Leon Worden




Out, brief candle of Cityhood

By Leon Worden
Wednesday, April 10, 2002

D
id America's biggest waste hauler buy our small-town election? The ballots haven't been counted as I write this, but whatever the outcome, Frank Ferry, Jan Heidt and Marsha McLean will forever be tainted by the stench of corporate welfare come home to roost.
    And that's a shame. Jan, in particular, could have exited the public stage gracefully, her name boldly affixed to one of the train stations she championed. And now this.
    When future historians and editorial writers look back at the Election Scandal of 2002, they'll remember the year Santa Clarita grew up, this infant now fully mature, 14 years of struggle culminating in the stuff big-city elections are made of, with Allan Cameron as the agent of its despair.
    And at what price? Peanuts, piled against the sky-scraping profits the garbage company reaped from our fair citizens these past several years. It's money enough to alter the electoral outcome in a city our size. Do our souls truly come so cheaply when our heads are cluttered with delusions of power?
    In retrospect it will matter little, indeed will be swiftly forgotten, that Frank, Jan and Marsha disavowed a priori knowledge of the 30 (thousand) shekels of silver spent on their behalf.
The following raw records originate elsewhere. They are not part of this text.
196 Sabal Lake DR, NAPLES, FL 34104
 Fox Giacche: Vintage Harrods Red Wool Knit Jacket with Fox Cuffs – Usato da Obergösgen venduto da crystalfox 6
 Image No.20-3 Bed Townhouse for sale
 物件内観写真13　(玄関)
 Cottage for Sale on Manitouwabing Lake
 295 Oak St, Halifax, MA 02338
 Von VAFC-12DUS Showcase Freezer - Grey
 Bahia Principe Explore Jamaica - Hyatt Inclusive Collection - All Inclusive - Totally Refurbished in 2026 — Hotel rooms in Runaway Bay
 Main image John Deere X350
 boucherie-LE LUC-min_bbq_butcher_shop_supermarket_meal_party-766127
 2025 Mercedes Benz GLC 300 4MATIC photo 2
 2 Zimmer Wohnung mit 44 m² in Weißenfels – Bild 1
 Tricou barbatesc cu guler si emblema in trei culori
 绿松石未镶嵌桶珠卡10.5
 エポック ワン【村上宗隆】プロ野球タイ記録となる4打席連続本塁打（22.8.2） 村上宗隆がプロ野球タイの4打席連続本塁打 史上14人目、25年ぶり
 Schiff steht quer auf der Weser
But what of this plea of ignorance? Shall we believe that those who cannot keep their very campaigners under control can run a $150-million-a-year municipal corporation?
    We've yet to learn the total poured into this election from special interests. Several players evidently didn't follow state reporting laws. We do know a developer funneled thousands to support Marsha, while Marsha was espousing what we must now interpret as a phony anti-developer agenda. And we know a campaign committee ostensibly controlled by our good congressman's wife funneled more developer money into a mailer touting the congressman's favorite son, Frank.
    One wonders what convictions were forfeited when the head of the local Democratic Party added $5,000 to Frank's Republican coffers.
    I confess I've had bouts of obsolescence. Many of us who've been here 30-plus years have seen the changes, but we still have a myopic view of our town. We do see it as a town, not a city, insulated by ridgelines that create the false illusion we're immune from outside influences and political corruption.
    We are wrong. We are a city. We have become one. Oh, boy. We've got it all, from small-time bullies to multinational corporations that line the pockets of activists who've named their price to become politicians in every sense of the word.
    This is not the vision we birthed one heady November a decade and a half ago. We were full of hope and promise, obstinacy and naïveté perhaps, but dreams nonetheless of doing things differently and tilting at windmills to preserve not just the physical charm of our isolated burgh but the very fabric that binds us together as a community of people.
    It was inevitable, this arrival at the point we're at today. We knew it would come. It was the price we decided we were willing to pay for self-governance. A vain quest for freedom, denying to ourselves, but knowing, we were building our own prison.
    Few are those, anymore, who rage against the dying of the light, this brief candle of cityhood, its flame snuffed out beneath Golden Valley homes astride Santa Clarita's last Larry Rasmussen flattened peak.
    Will anyone remember?
    Leon Worden is The Signal's city editor.